[Listed entries]

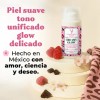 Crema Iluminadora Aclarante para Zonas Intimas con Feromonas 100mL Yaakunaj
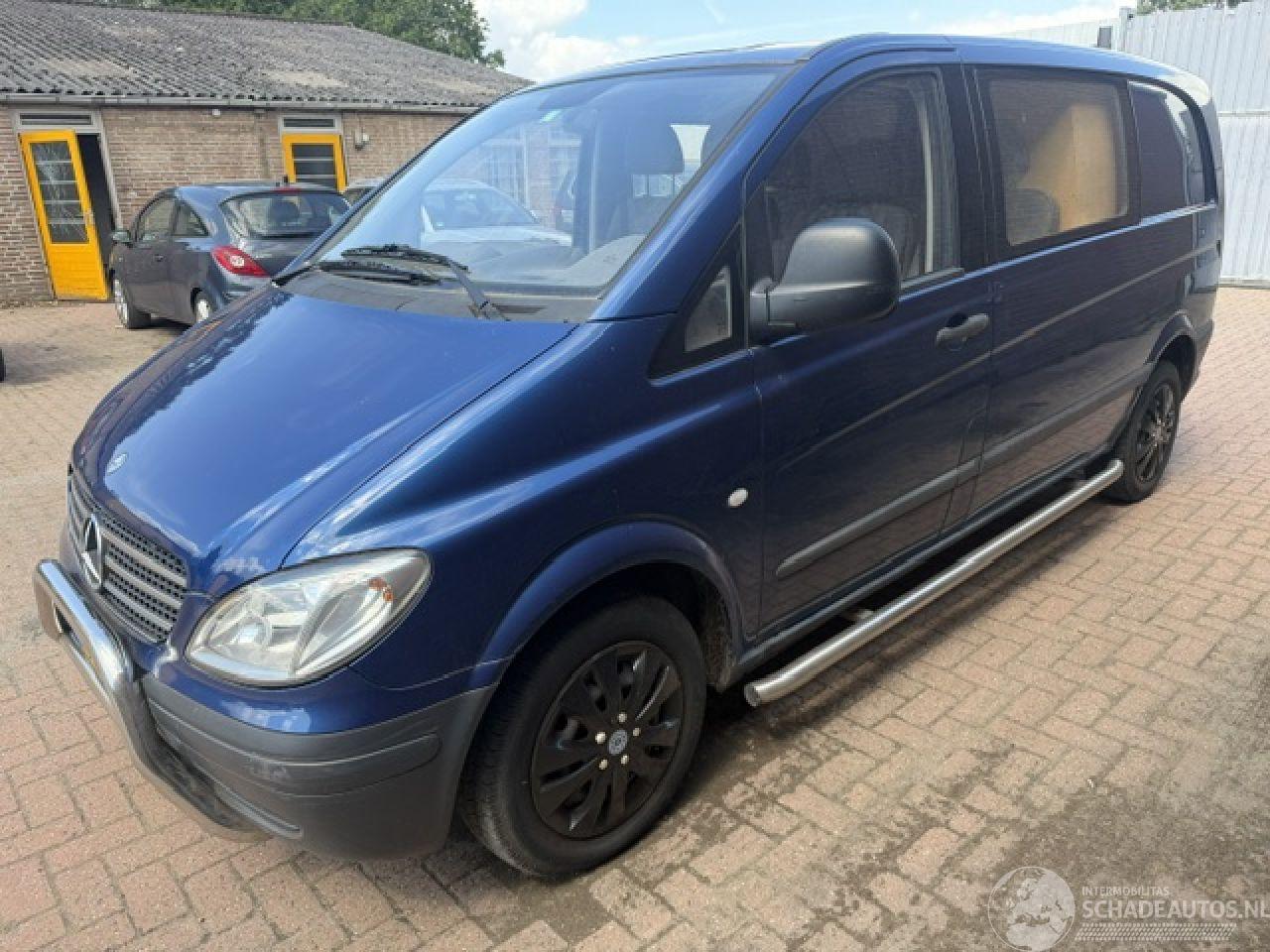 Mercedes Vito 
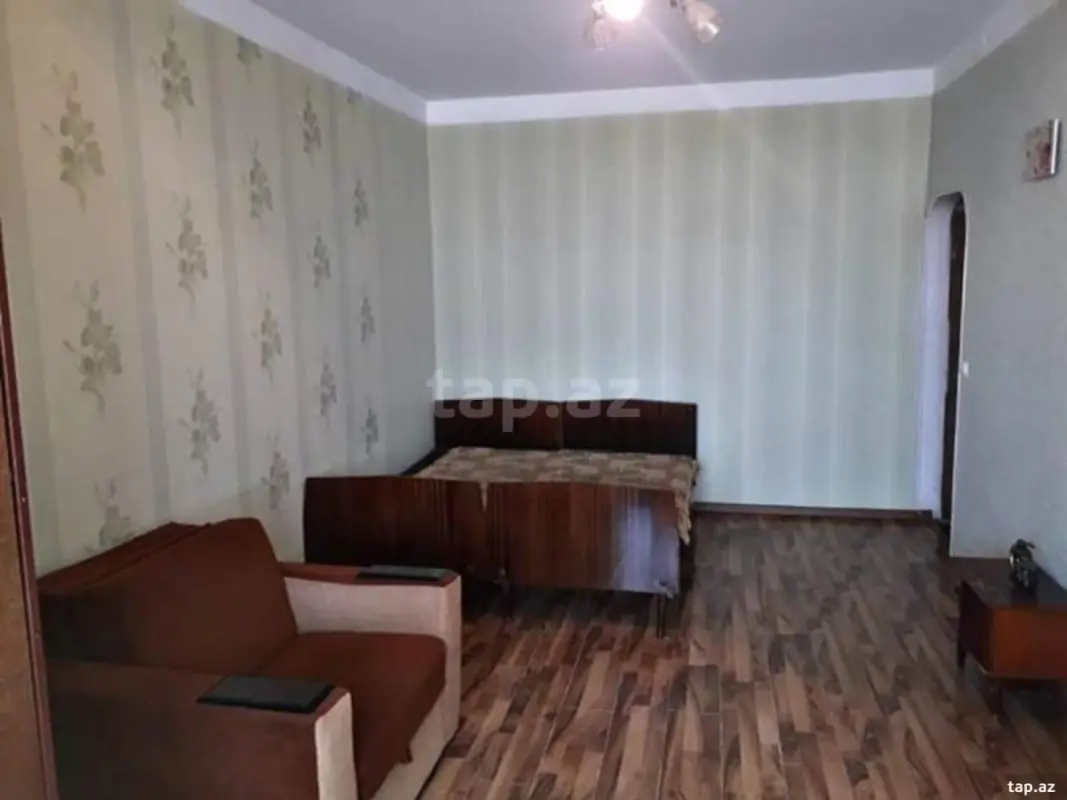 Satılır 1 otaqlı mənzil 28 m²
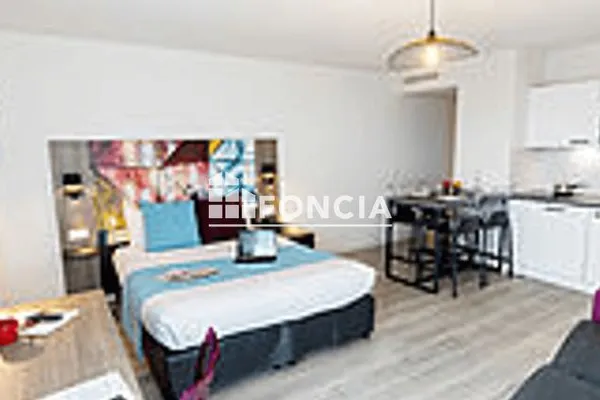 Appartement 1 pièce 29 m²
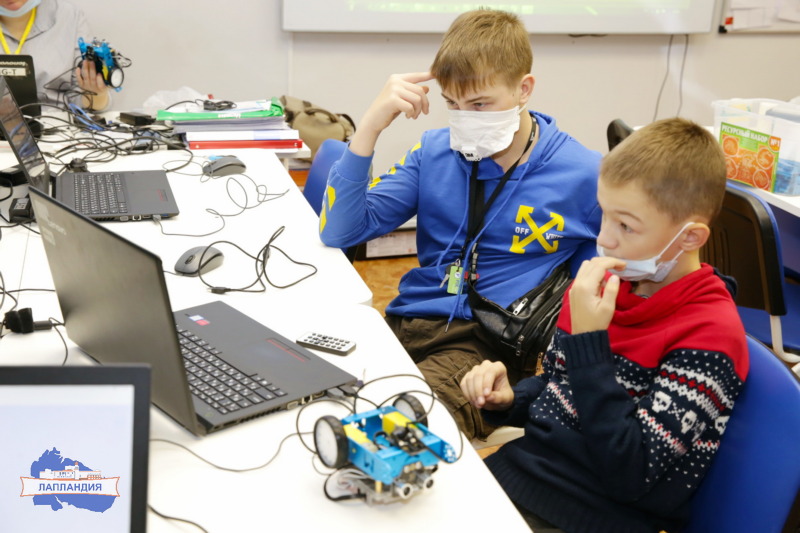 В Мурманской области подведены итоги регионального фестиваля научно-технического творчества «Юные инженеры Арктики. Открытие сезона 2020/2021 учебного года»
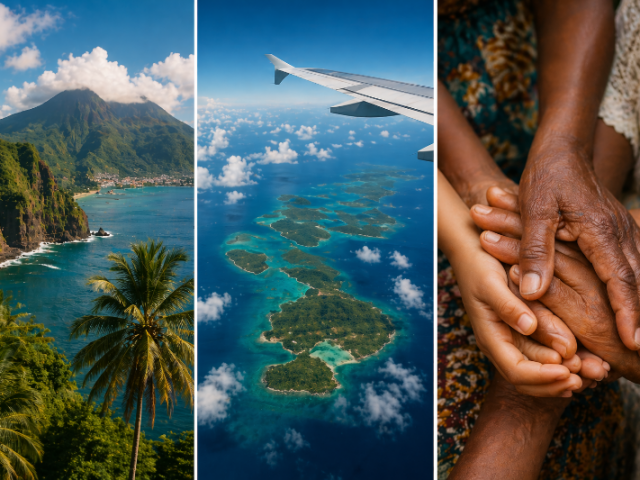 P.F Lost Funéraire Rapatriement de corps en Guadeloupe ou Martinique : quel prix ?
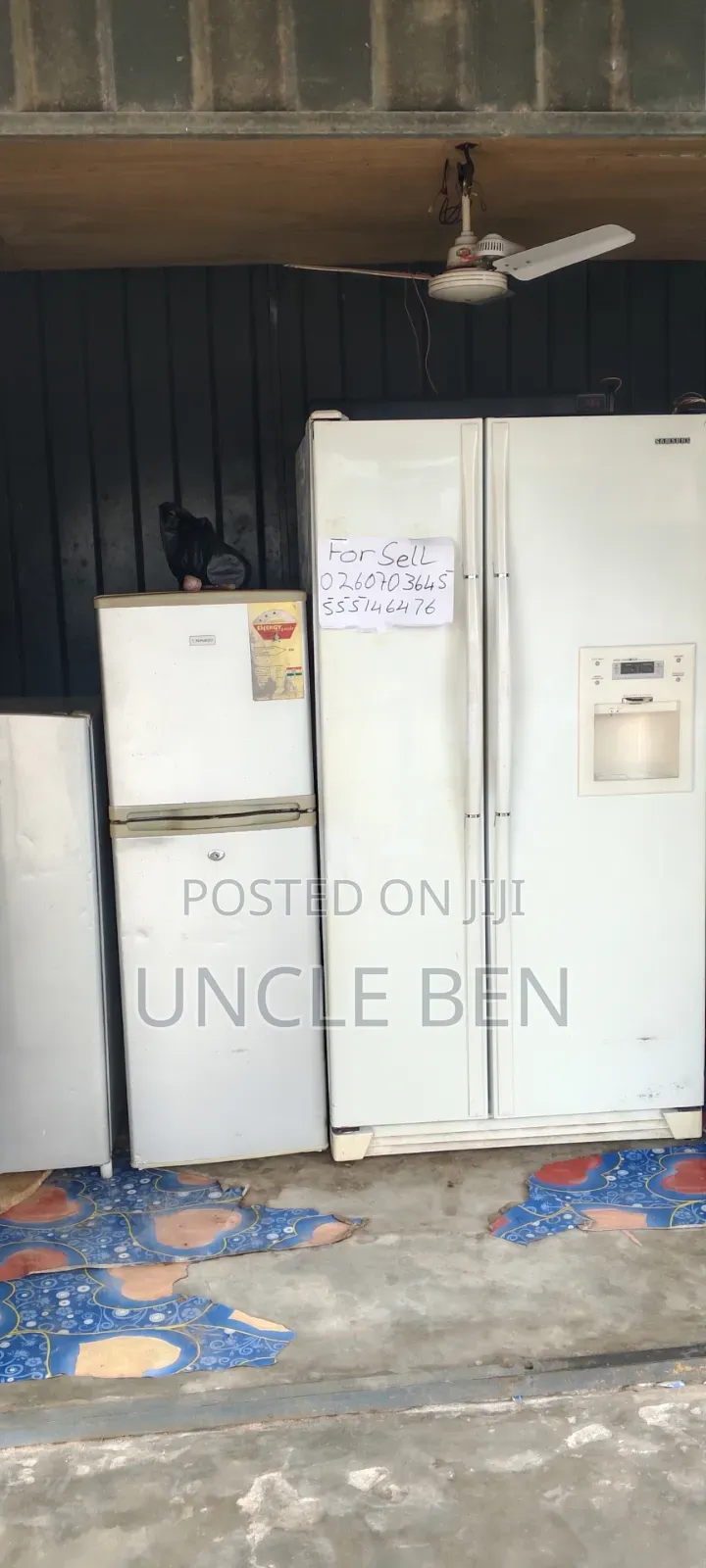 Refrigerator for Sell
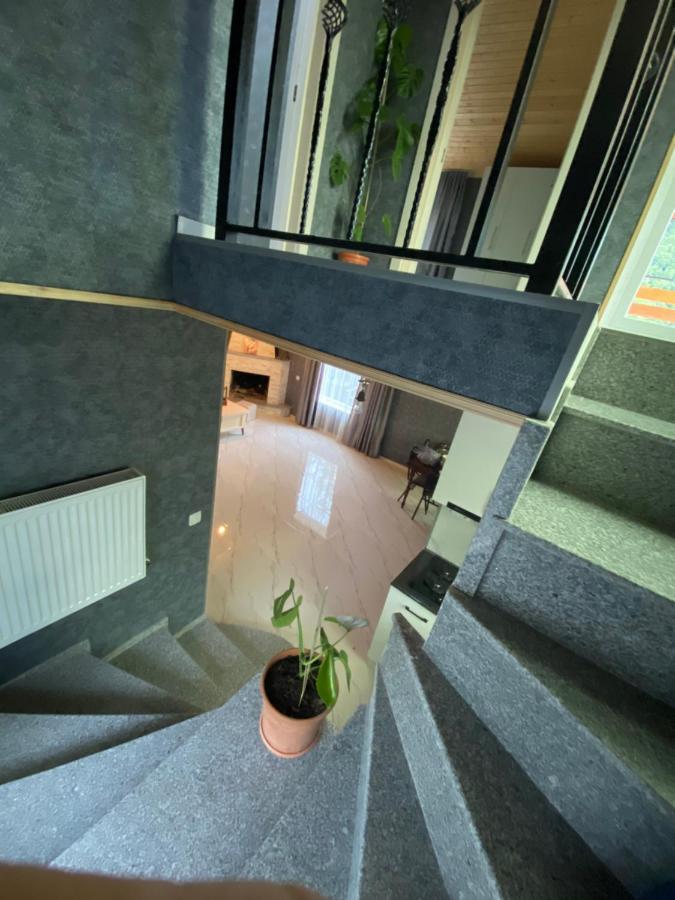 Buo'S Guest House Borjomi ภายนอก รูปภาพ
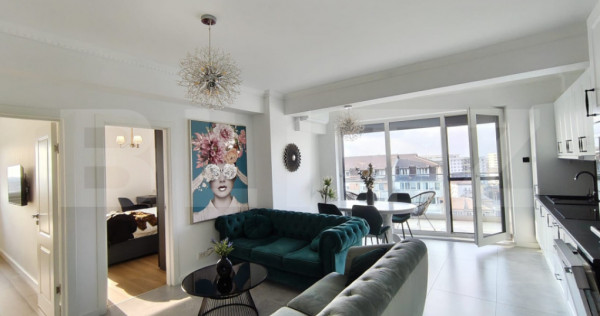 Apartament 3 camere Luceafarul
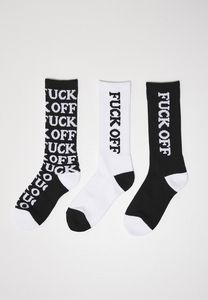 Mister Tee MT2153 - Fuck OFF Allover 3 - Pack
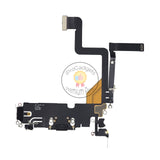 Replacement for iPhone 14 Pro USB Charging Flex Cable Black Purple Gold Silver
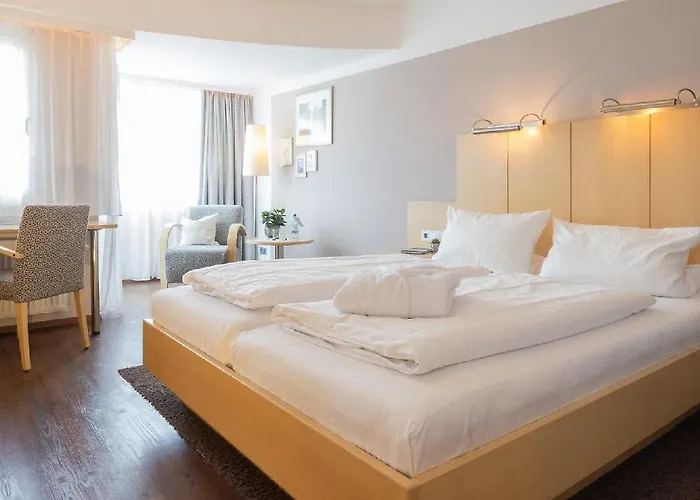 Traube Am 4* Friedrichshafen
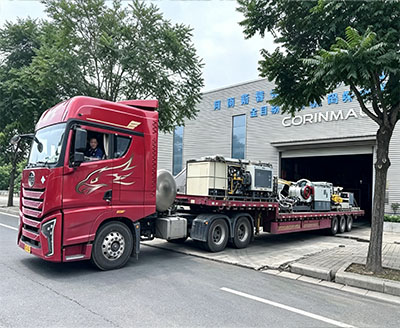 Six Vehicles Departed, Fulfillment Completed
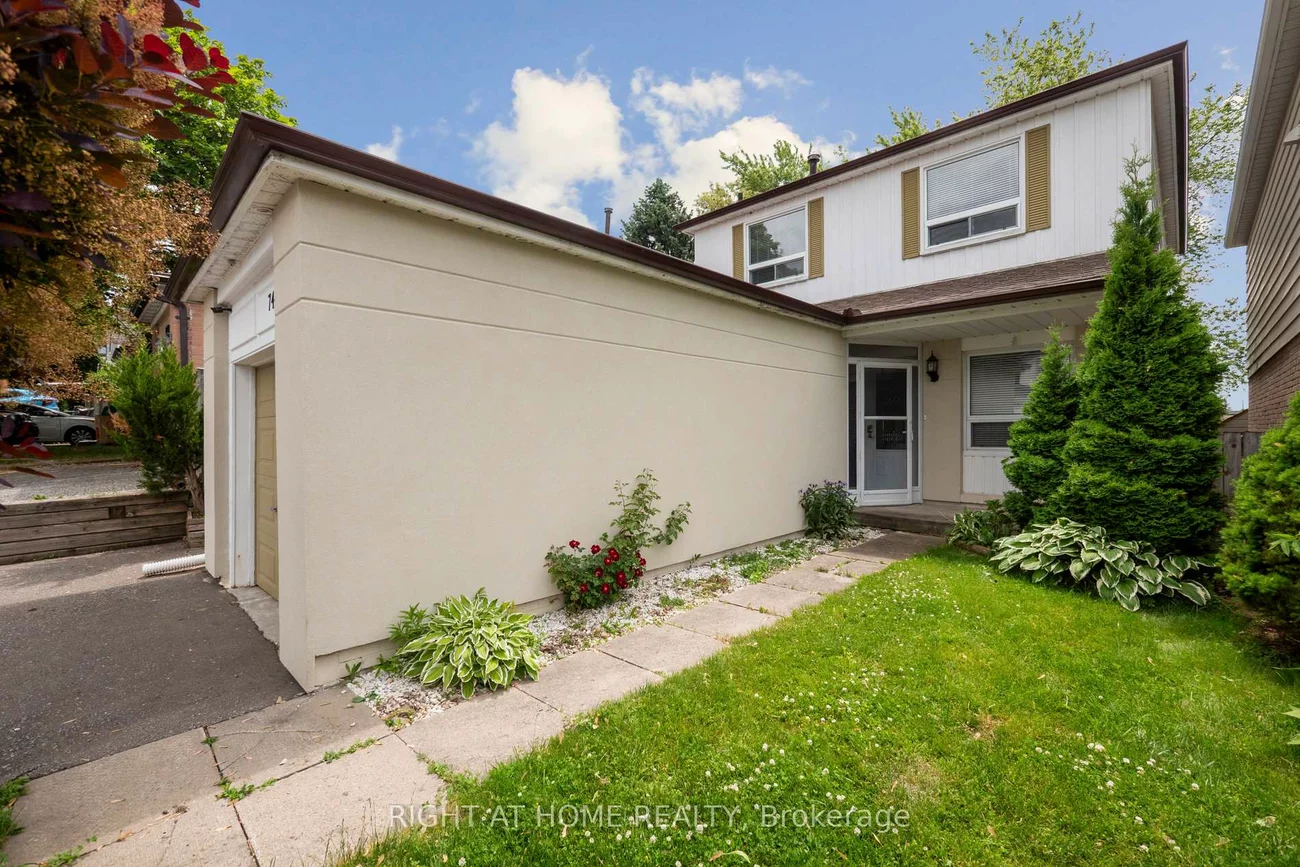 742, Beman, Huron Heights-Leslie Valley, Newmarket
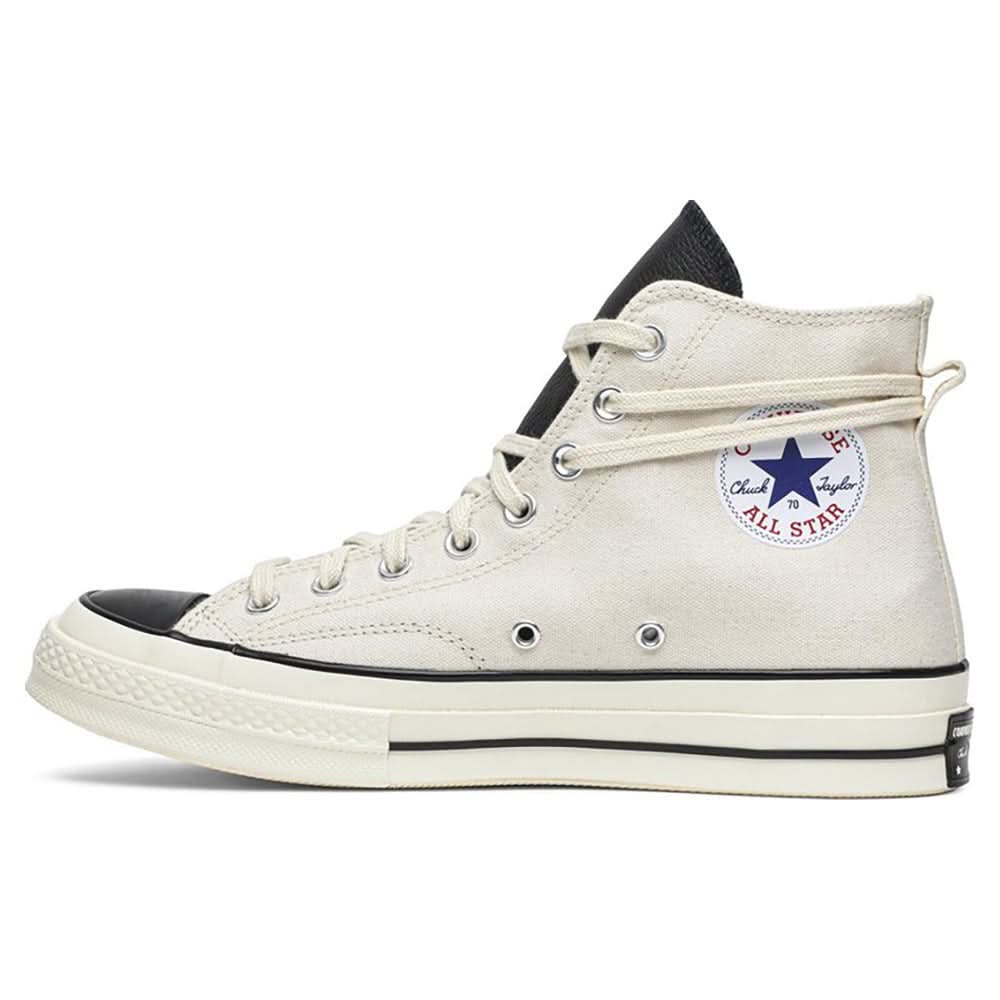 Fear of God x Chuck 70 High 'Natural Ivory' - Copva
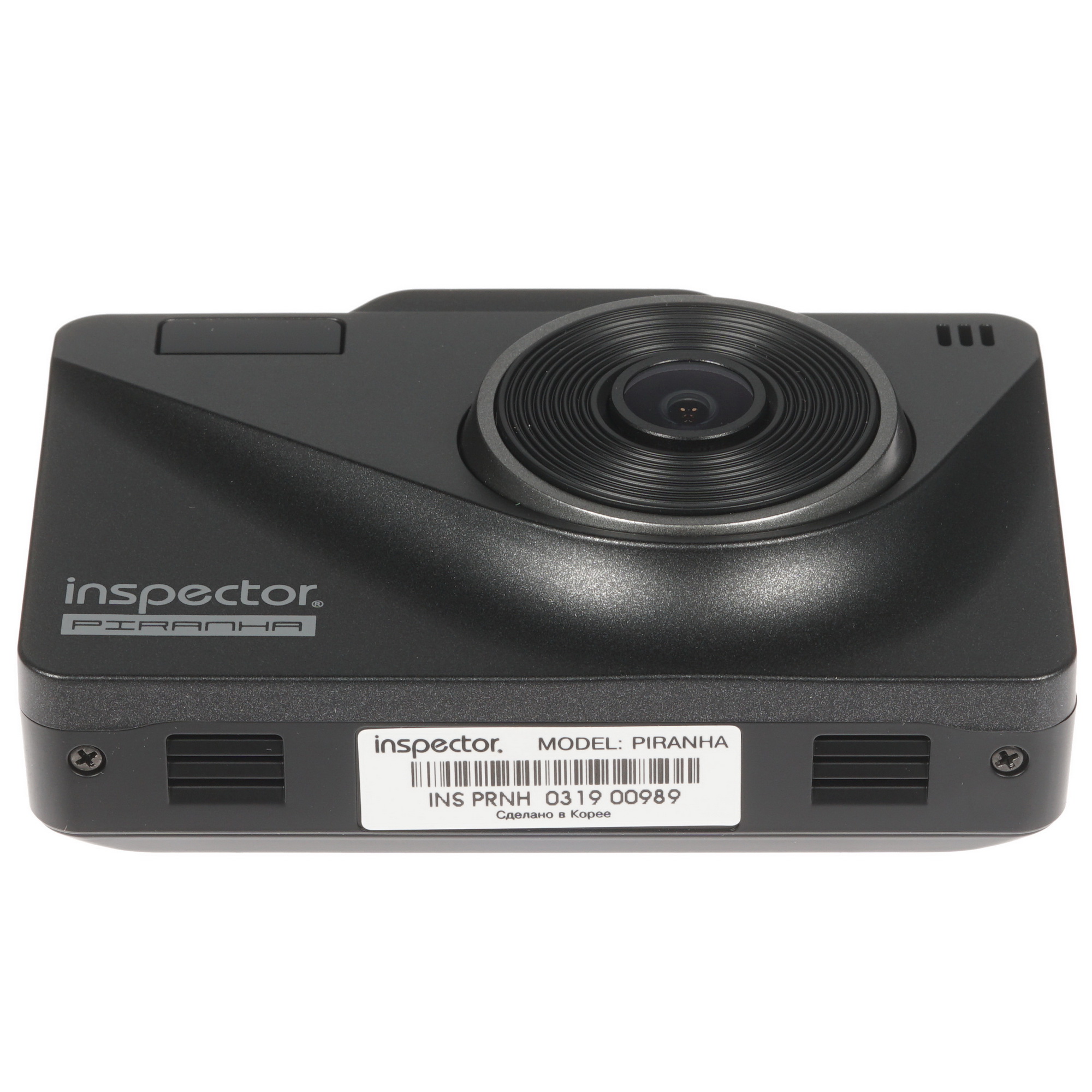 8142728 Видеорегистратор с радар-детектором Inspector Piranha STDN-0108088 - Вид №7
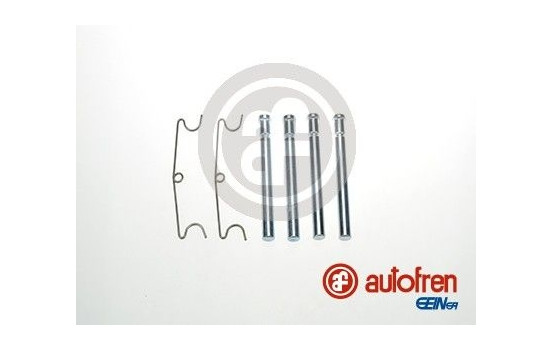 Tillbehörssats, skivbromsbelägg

[/Listed entries]

■ Your goal ■
In the copy, include all records verbatim but no images.

■ Answer box ■
 Crema Iluminadora Aclarante para Zonas Intimas con Feromonas 100mL Yaakunaj
 Mercedes Vito 
 Satılır 1 otaqlı mənzil 28 m²
 Appartement 1 pièce 29 m²
 В Мурманской области подведены итоги регионального фестиваля научно-технического творчества «Юные инженеры Арктики. Открытие сезона 2020/2021 учебного года»
 P.F Lost Funéraire Rapatriement de corps en Guadeloupe ou Martinique : quel prix ?
 Refrigerator for Sell
 Buo'S Guest House Borjomi ภายนอก รูปภาพ
 Apartament 3 camere Luceafarul
 Mister Tee MT2153 - Fuck OFF Allover 3 - Pack
 Replacement for iPhone 14 Pro USB Charging Flex Cable Black Purple Gold Silver
 Traube Am 4* Friedrichshafen
 Six Vehicles Departed, Fulfillment Completed
 742, Beman, Huron Heights-Leslie Valley, Newmarket
 Fear of God x Chuck 70 High 'Natural Ivory' - Copva
 8142728 Видеорегистратор с радар-детектором Inspector Piranha STDN-0108088 - Вид №7
 Tillbehörssats, skivbromsbelägg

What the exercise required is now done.